Early on, there were only about six of us: the founder and president, whom I’ll call “Paul;” the CEO, whom I’ll call “Bill;” and four tech folks including me. Paul had hired Bill to manage the operations of the business so that he could, ostensibly, focus on the sales and customer relations.

But Paul came around a lot, and he wanted to be very involved. He wanted to know what everyone was working on, he wanted to tell us what we should be doing. There was one day that I remember clearly:

Paul had come around to the office to see how a project was going for one of our newer customers. He also had meetings with other customers or prospects, at their locations, for the rest of the day. I remember him telling a colleague of mine, who was working on this new customer’s project, to email him every single hour with a status update while he was out of the office.

Every single hour.

Fortunately, Paul wasn’t like that all the time, I think he was particularly paranoid about this one customer. Still, we joked about that request for weeks; we all thought it was insane. If you need to know what’s happening each and every hour of the day, you obviously don’t trust the people doing the work.

Also fortunately, Paul wasn’t our manager. As the company grew, he became increasingly distant from the daily details. I’ve had this experience with other founders. It can be hard to let go.

The best manager

Years later, Bill left the company. Before he did, he helped Paul find his own replacement. We’ll call this new CEO “Richard.”

At this early point in my career, Richard was the best manager I had ever had, and he retained that title in my mind for years onward. What made him so great was his ability to understand what was important and when things needed to get done, to protect us all from the demands of our stakeholders, and to trust us to get our work done.

Richard would check in with us perhaps a couple of times a day. We could see each other from our desks, as mine was directly outside of his office, but he never tried to tell me how to break up my day.

Our little company was acquired by a national firm, and we thrived for a while, until the stresses of delivering larger and larger contracts overcame me and I had to leave. The company ultimately didn’t survive as a subsidiary of that larger firm, but I know that it was the firm’s mismanagement that led to its demise and not the way Richard ran it.

Micromanagement can be stifling

There is a reason that the top-rated managers take a hands-off approach to the work of individuals on their teams. People want to be led, guided, coached; they don’t want to be told exactly what to do.

That’s why the second principle of The Engineering Manager’s Charter is “Tell me the goal, not the steps to take.” So much of the learning, and the fun, is in figuring out the steps to take. Don’t rob your team of that experience.

But, I say that micromanagement can be stifling because there is always a time when a specific directive is useful. To understand how and when to apply different styles, I like the framing of Paul Hersey and Ken Blanchard’s “Situational Leadership Theory.”

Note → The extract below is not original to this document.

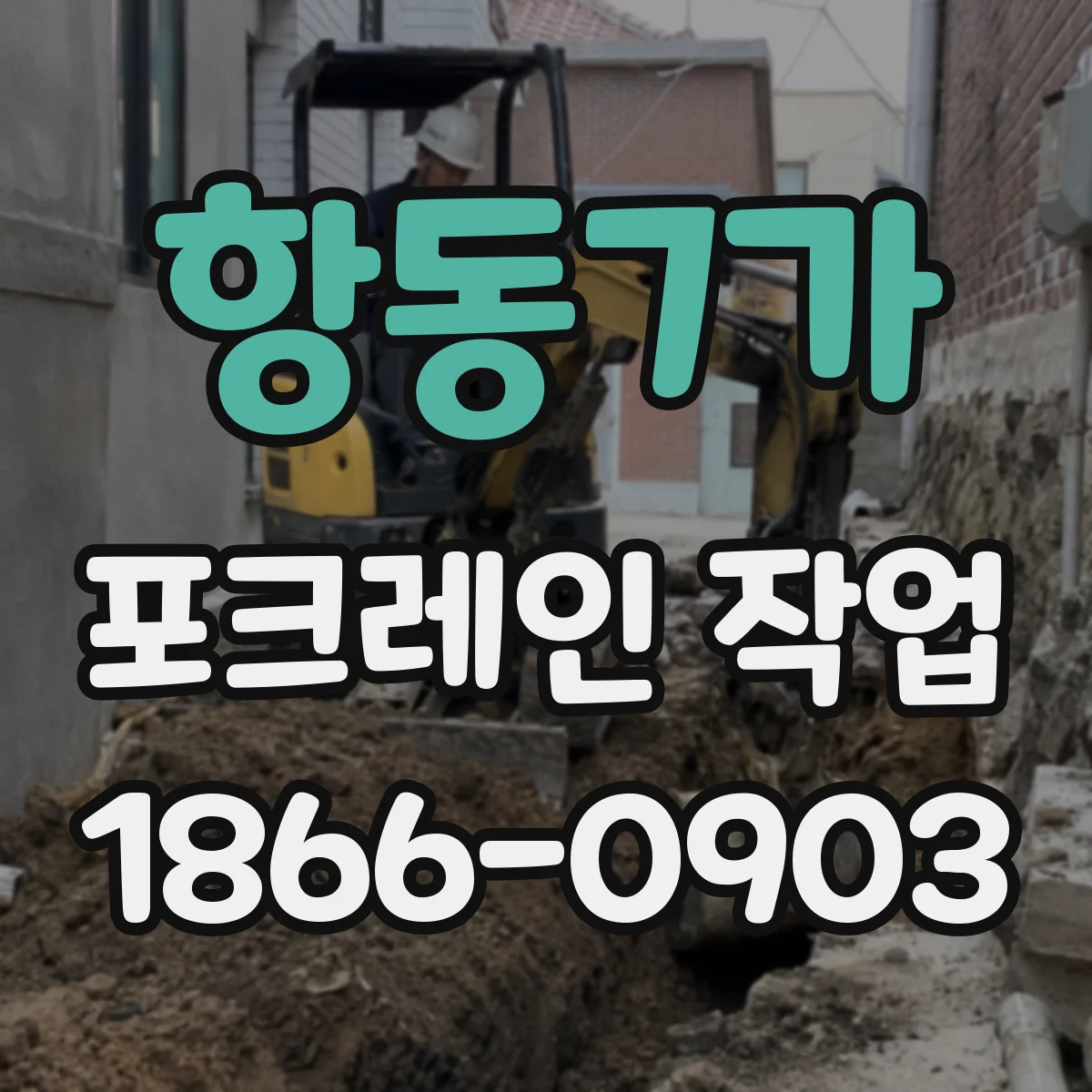 항동7가 포크레인 작업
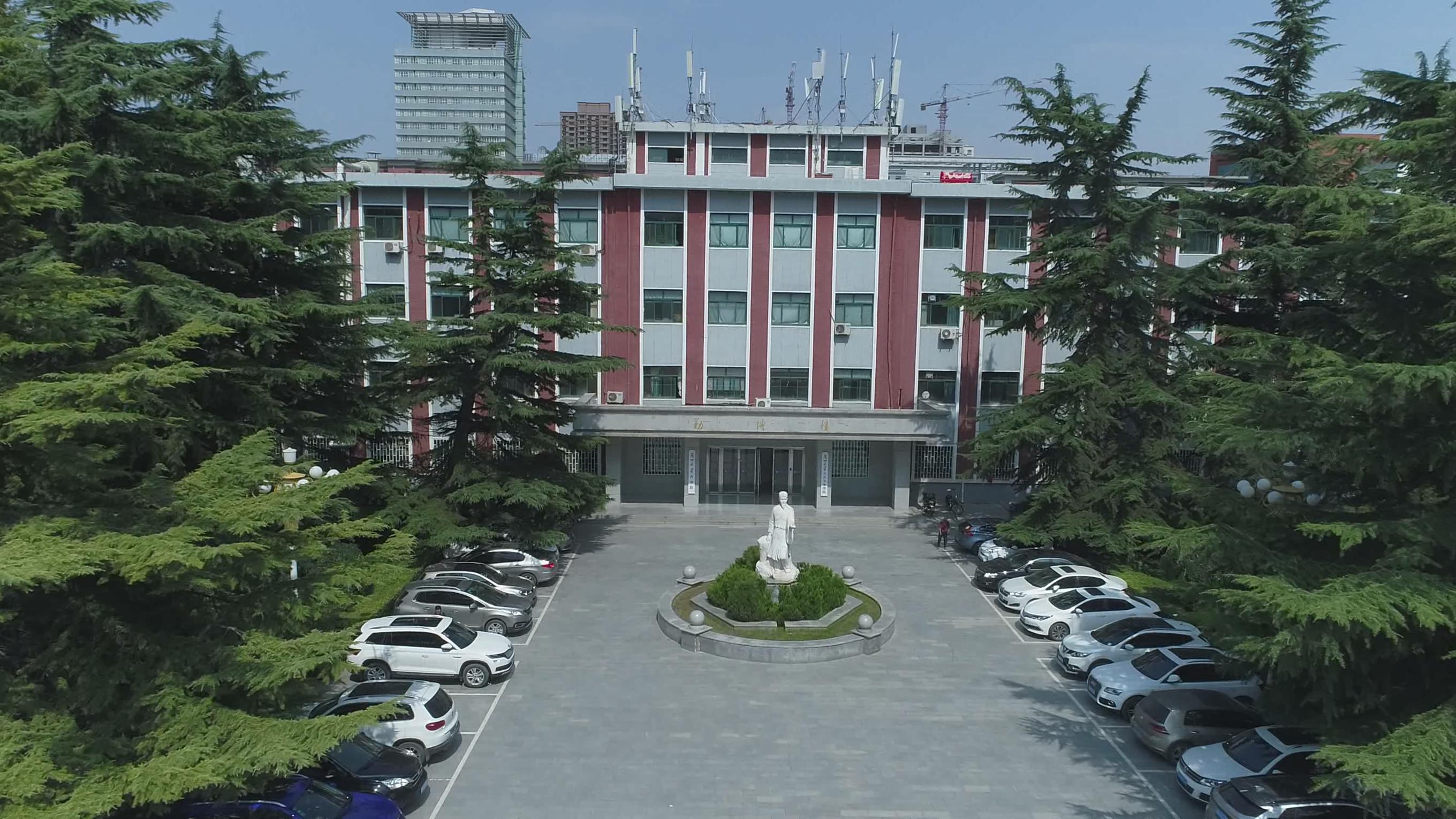 兰州大学公共卫生学院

In the Situational Leadership model, a team member is located at one of four “maturity levels” (which can vary by task), and those are:

  1. Unable and insecure

  2. Unable but confident

  3. Capable but unwilling

  4. Very capable

Based on where an individual is within that continuum, you adjust your leadership style accordingly, either “telling” or “delegating.”

In my experience, “telling” is only productive at the initial skill levels. Even novice engineers want the space to explore, make mistakes, and learn from them. Be deliberate about when you give someone an order versus when you give them a suggestion.

Leading, and managing, thoughtfully

You probably want some concrete tips or suggestions for leading effectively without stifling your team, so here they are.

Limit check-ins

Unless the deadline for the work is imminent, like within hours, don’t check in constantly. Even if it is, be careful not to distract the individual doing the work with requests for updates on the work.

I like agile methodologies that promote ongoing asynchronous updates (like comments on GitHub or Jira tickets or similar) and daily in-person updates (like stand-ups, either face-to-face or on video chat or in Slack).

Set SMART goals

As individuals become more self-sufficient and no longer need you to tell them exactly what steps to take, transition to providing more abstract goals, but make the SMART:

  • Specific

  • Measurable

  • Achievable

  • Relevant

  • Time-bound

Note that “specific” doesn’t mean telling someone exactly what to do, it means that the goal is focused on a single thing, a specific objective.

Transition toward coaching

Coaching is the opposite of micromanagement. When a micromanager wants to define each step in detail, a coach asks the question “what steps will you take?”

The goal is to reach a point where everyone in your team understands the goals and their purpose, is adequately skilled to do the work or to learn what they don’t know on their own, and needs your help only to guide and inspire them.

Using a coaching methodology, you can help people find their way through their own sticky problems, and provide a “north star” to navigate toward. Working for people who do this very well is joyful.